Sementara itu, Bukhari Umar (dalam Hidayat & Abdillah, 2019, hlm. 87) menjelaskan bahwa pendidik adalah orang yang bertanggung jawab terhadap perkembangan peserta didik dengan upaya mengembangkan seluruh potensi peserta didik, baik potensi afektif (rasa), kognitif (cipta), maupun psikomotorik (karsa). Pendidik tersebut terbagi menjadi dua, yaitu pendidik kodrat dan pendidik jabatan dengan penjelasan sebagai berikut.

1. Pendidik Kodrat

Orang dewasa yang mempunyai tanggung jawab utama terhadap anak adalah orang tuanya. Orang tua disebut pendidik kodrat karena mereka mempunyai hubungan darah dengan anak. Namun, karena orang tua kurang memiliki kemampuan, waktu dan sebagainya untuk memberikan pendidikan yang diperlukan anaknya, maka mereka menyerahkan sebagian tanggung jawabnya kepada orang dewasa lain untuk membimbingnya seperti guru di sekolah, guru agama di masjid, pemimpin pramuka, dan tokoh-tokoh masyarakat.
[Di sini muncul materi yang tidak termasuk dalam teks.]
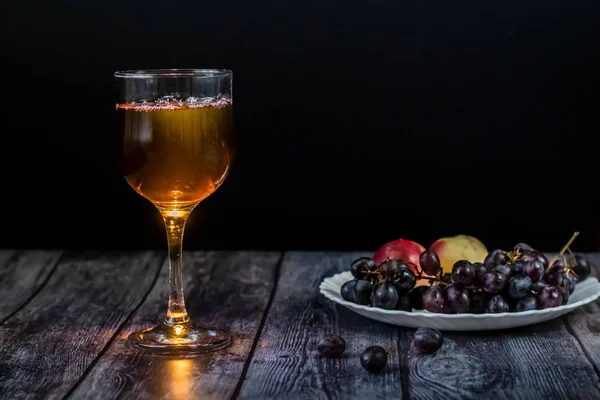 Bernsteinwein. Wein im Glas. traditioneller georgischer Wein nach alter Technologie. Nahaufnahme — Stockfoto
Berdasarkan hal di atas, orang tua menjadi pendidik utama dan terutama bagi anak-anaknya. Ia harus menerima, mencintai, mendorong dan membantu anak aktif dalam kehidupan bersama (kekerabatan) agar anak memiliki nilai hidup, jasmani, nilai keindahan, nilai kebenaran, nilai moral, nilai keagamaan dan bertindak sesuai dengan nilai-nilai tersebut sebagai perwujudan dan peran mereka sebagai pendidik.

2. Pendidik Jabatan

Pendidik di sekolah seperti guru, konselor, dan administrator disebut pendidik karena jabatan. Sebutan ini disebabkan mereka ditugaskan untuk memberikan pendidikan dan pengajaran di sekolah, yaitu mentransformasikan kebudayaan secara terorganisasi demi perkembangan peserta didik (siswa), khususnya di bidang ilmu pengetahuan dan teknologi.

Menurut Umar (dalam Hidayat & Abdillah, 2019, hlm. 88) pendidik jabatan adalah orang lain (tidak termasuk anggota keluarga) yang karena keahliannya ditugaskan mendidik guna melanjutkan pendidikan yang telah dilaksanakan oleh orangtua dalam keluarga. Pada hakikatnya, pendidik jabatan membantu orang tua dalam mendidik anak karena orang tua memiliki berbagai keterbatasan. Berbeda dari pendidik kodrat, pendidik jabatan dituntut memiliki berbagai kompetensi sesuai dengan tugasnya.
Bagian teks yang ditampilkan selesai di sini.